Women behaving badly: Kanno Sugako

Written by Vanessa Offiong
Kanno Sugako (1881 -- 1911) was one of Japan's first female journalists and notable feminists, famous for her writing which explored the countless oppressions women faced in a modernizing society.
She often condemned society's praising of "feminine virtues" such as chastity: "Where do all of these depraved men get the right to emphasize chastity? Before they begin stressing women's chastity, they ought to perfect their own male chastity, and concentrate on becoming wise fathers and good husbands!" But Sugako was also opposed to sex work, seeing geishas at first as "morally corrupt individuals" and later as "fallen women."
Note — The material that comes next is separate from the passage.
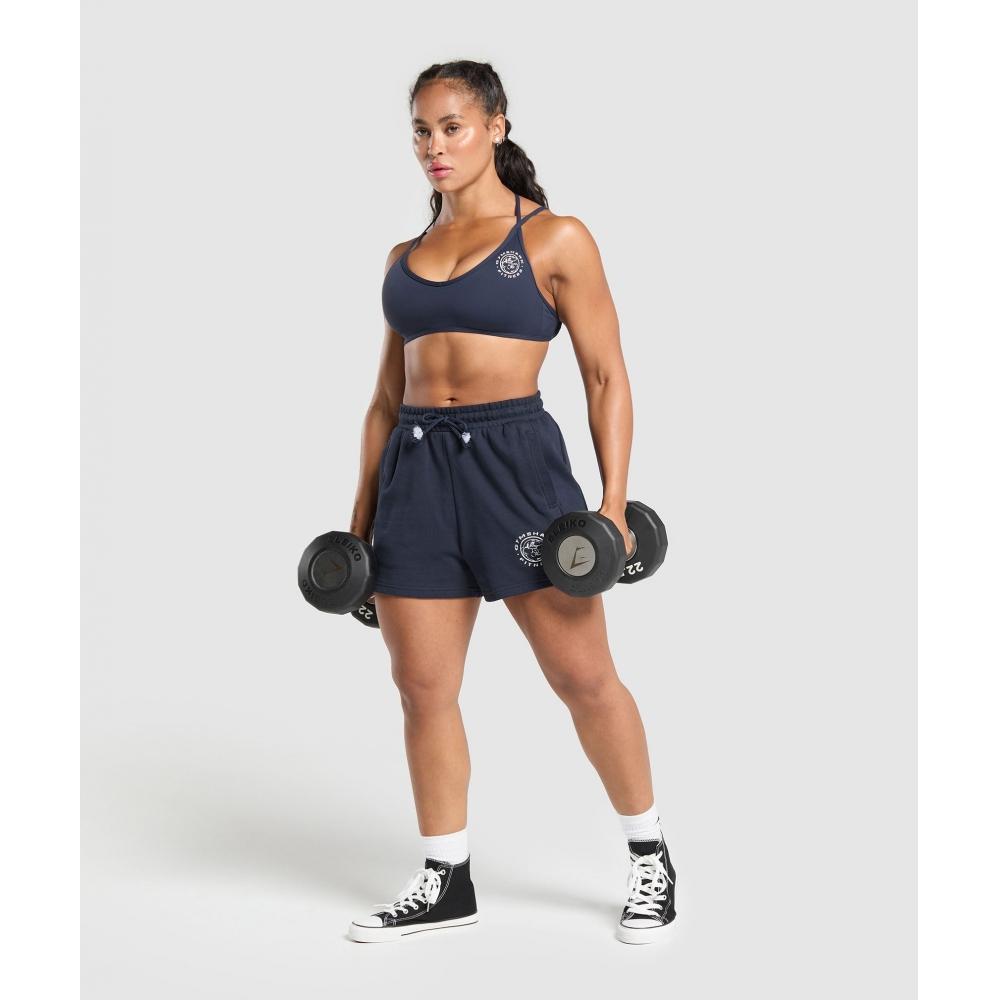 Gymshark Legacy Cotton Shorts Heavy Blue B1b1l Uctn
Kanno Sugako, also called Kanno Suga, circa 1905 in Japan.
Born into hardship (she reportedly lost her mother at 10, was raised by a stepmother and raped at 15) Sugako became a central figure in the early Japanese anarchist and socialist movements and urged women to develop self-awareness.
"For us women, the most urgent task is to develop our own self-awareness ... women with some education and some degree of social knowledge must surely be discontented and angry about their status," she wrote.
In 1910, she was accused by the Japanese government for her alleged role in the High Treason Incident, to assassinate Emperor Meiji. This led to her death by hanging at age 29, making her the first woman political prisoner to be executed in the history of modern Japan.